Hakan Çiftci

DOĞRU BİR, AMA…

Hakan Çiftci

Kayserispor teknik direktörü Samet Aybaba, geçtiğimiz günlerde  Hasan Hüseyin Acar ile görüştüğünü ve kaptanlığın Sapunaru’ya verildiğini açıklamıştı.
Bu açıklama, güzel günlerin geleceğinin, adeta ışığı oldu.
Doğru bir, yapılan bu iyileştirmeyi taktir ile karşılıyorum. 
Bu takım bizim,  hepimizin...
Kayserispor,  gözbebeğimiz…
Kayserispor’un daha iyi olması için biz de gazeteci olarak gece gündüz yazıyoruz, çiziyoruz…

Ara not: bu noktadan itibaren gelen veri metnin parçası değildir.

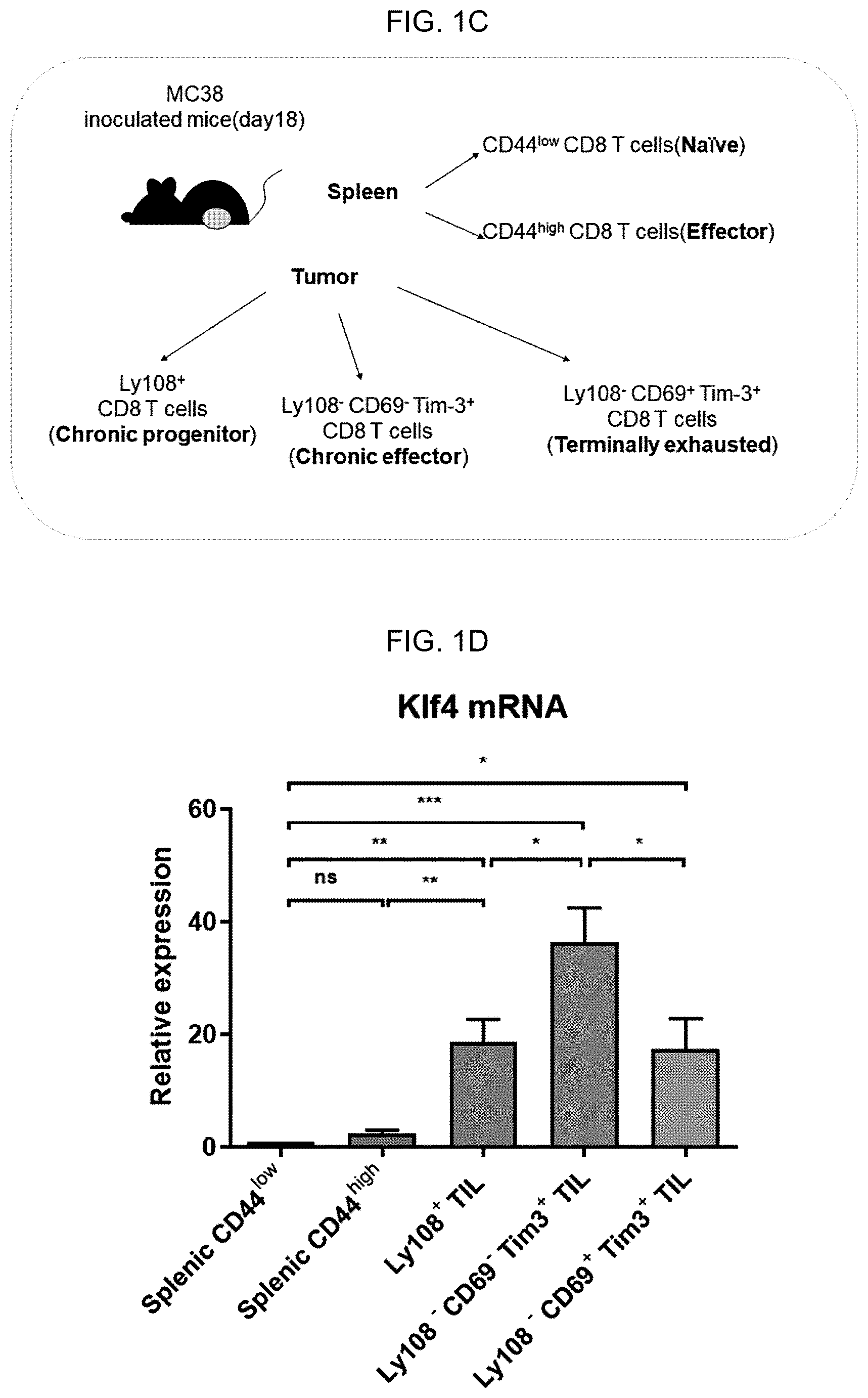 Patent US12617864 Figure 2 – Methods of activating and proliferating exhausted CD8 T cells, CD8 T cells with enhanced activity prepared by the same, and uses thereof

Çok şükür ki, söylemlerimiz yerini buluyor ve takım, gelecek adına umut veriyor.
Öncelikle neler yanlıştı, bunlara kısa bir şekilde göz atalım.

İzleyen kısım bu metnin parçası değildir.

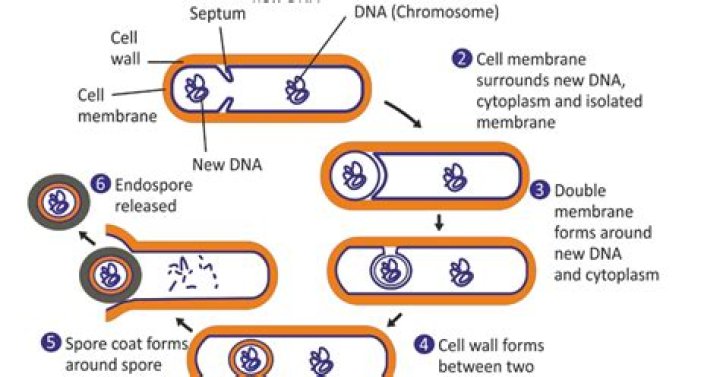 What is an Endobacteria?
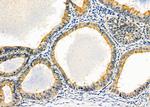 COX19 Antibody in Immunohistochemistry (Paraffin) (IHC (P))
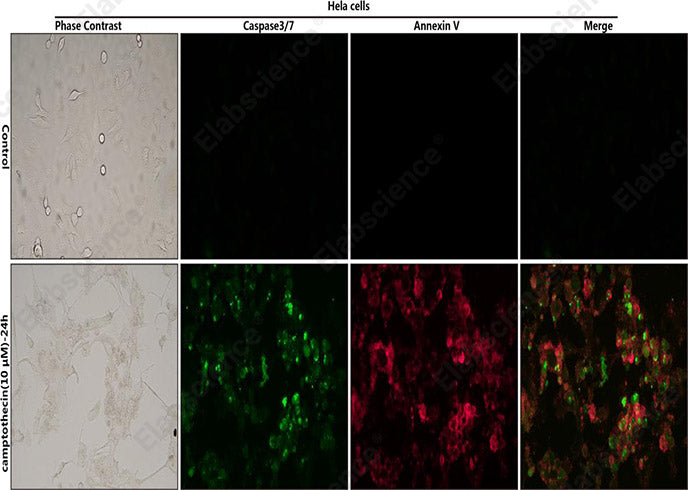 Control: Normal Hela cells were not treated with camptothecin. Camptothecin (10μM)-24h: Hela cells were treated with 10 μM camptothecin for 24h.
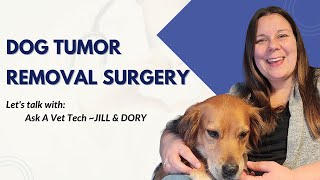 Dog TUMOR REMOVAL Surgery Steps to help in Recovery [upl. by Kire497]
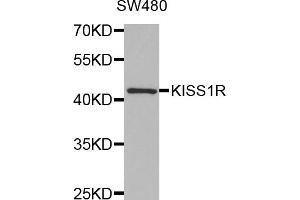 Western blot analysis of extracts of SW480 cells, using KISS1R antibody (ABIN5971525) at 1:350 dilution. (KISS1R Antikörper)
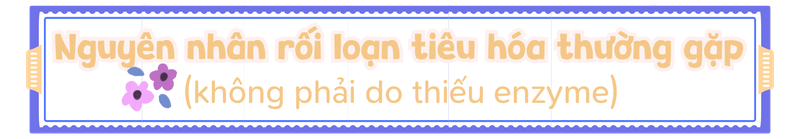 Nguyên nhân rối loạn tiêu hóa thường gặp (không phải do thiếu enzyme)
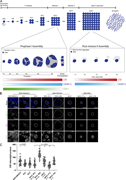 A multi-panel image illustrating the stages of spermatogenesis in Drosophila melanogaster, highlighting the assembly dynamics of centromere proteins.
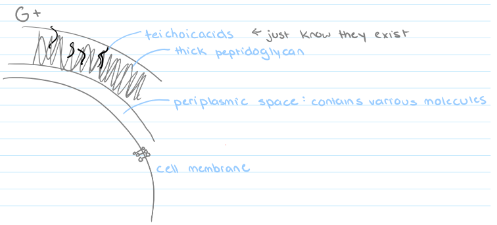 <p><strong>Gram-positive</strong> = thick cell wall, multiple layers of peptidoglycan, teichoic acids</p><ul><li><p>Some cells have a periplasmic space between the cell membrane and the cell wall</p></li></ul>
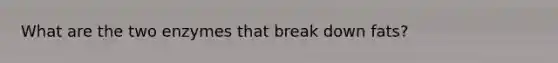 What are the two enzymes that break down fats?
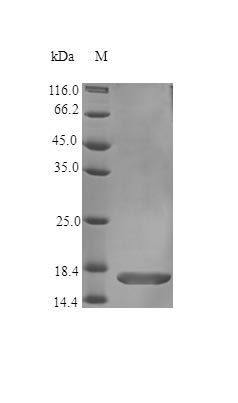 Recombinant Human Fibroblast Growth Factor 1 Protein (FGF1), Active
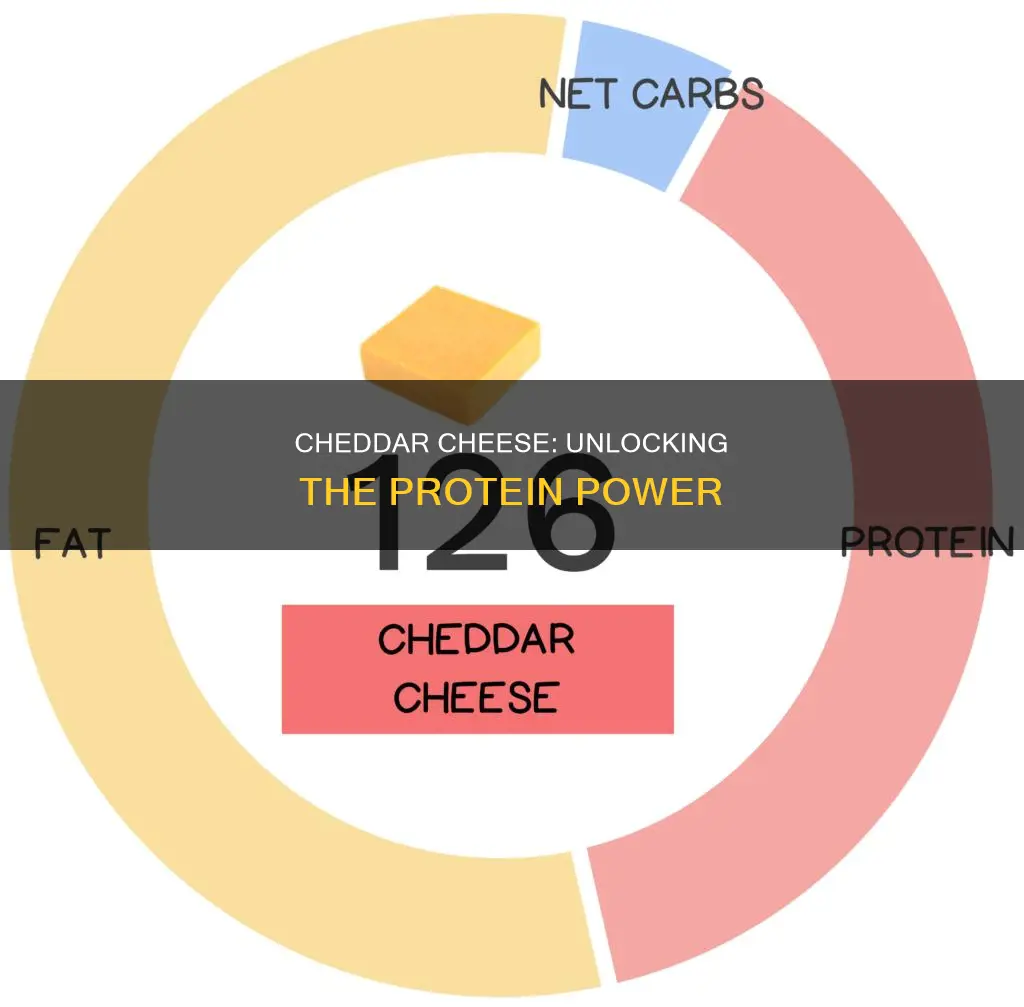 is cheddar cheese high in protein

Yönetim, çok yerinde ve doğru zamanda düğmeye bastı. 
Kötü gidişatta nelere dikkat çekmiştik, kısa bir şekilde hatırlayalım...
Evet, teknik direktör Bayram Bektaş’a yetersiz dedik ve hatadan dönüldü, yönetimi tebrik ediyorum.  

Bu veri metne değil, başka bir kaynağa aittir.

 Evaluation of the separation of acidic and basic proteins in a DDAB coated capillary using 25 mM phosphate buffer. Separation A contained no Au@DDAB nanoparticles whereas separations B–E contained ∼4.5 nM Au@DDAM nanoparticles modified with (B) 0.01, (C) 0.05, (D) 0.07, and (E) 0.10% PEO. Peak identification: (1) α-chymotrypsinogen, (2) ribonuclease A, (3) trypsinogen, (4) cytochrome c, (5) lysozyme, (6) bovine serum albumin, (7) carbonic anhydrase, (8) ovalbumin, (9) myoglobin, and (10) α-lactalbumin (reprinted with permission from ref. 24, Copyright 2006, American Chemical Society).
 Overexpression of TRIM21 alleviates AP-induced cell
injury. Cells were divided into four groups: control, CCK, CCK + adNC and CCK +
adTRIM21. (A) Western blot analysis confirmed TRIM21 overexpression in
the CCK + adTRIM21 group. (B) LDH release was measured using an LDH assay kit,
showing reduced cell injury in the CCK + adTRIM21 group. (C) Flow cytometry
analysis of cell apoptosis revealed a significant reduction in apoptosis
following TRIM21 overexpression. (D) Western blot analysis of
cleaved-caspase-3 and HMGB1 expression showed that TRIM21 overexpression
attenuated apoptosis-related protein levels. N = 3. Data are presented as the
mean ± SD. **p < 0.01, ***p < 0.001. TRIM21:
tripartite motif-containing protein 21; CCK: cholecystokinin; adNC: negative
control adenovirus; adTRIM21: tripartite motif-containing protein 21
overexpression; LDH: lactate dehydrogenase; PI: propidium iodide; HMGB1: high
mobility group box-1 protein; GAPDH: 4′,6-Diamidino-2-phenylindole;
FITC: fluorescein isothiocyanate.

Sportif Direktörün etliye sütlüye karışmadığını ve verimli olmayacağını söyledik ve beklenen istifa gerçekleşti.
Hasan Hüseyin’in, kaptanlığının yanlış olduğunu ve Sapunaru’ya geri verilmesinin elzem olduğundan bahsettik ve bu da yine gerçekleşti.
(Parantez şeklinde söyleyeyim, geçtiğimiz yılın en iyi çıkış yapan futbolcusu Hasan Hüseyin’i kazanalım, kaldıramayacağı yükten kurtuldu, umarım, sadece futbola odaklanır) 
Gökhan Ünal’ın, kendisinden beklenen ağabeylik görevini yapmadığını da yine defalarca vurguladık ve bu konu da çözüm buldu.
Teknik direktör olarak Samet Aybaba geldi ve yetersizlik giderildi.
Takım kaptanlığı Sapuru’ya verildi ve futbolcuların yüzü güldü. 
Gökhan Ünal’ın gitmesi, yine futbolcuların yüzünün gülmesine neden oldu.
Gökhan’a, ‘Sen gel, özellikle Ömür Uzun ile ilgilen, takımda ağabey ol’ misyonu verildi.
Ama, Gökhan ne yaptı, ya da yapmadı, hep birlikte gördük, nihayetinde gönderildi. 
Kayserispor, gereksiz bir yükten daha kurtuldu.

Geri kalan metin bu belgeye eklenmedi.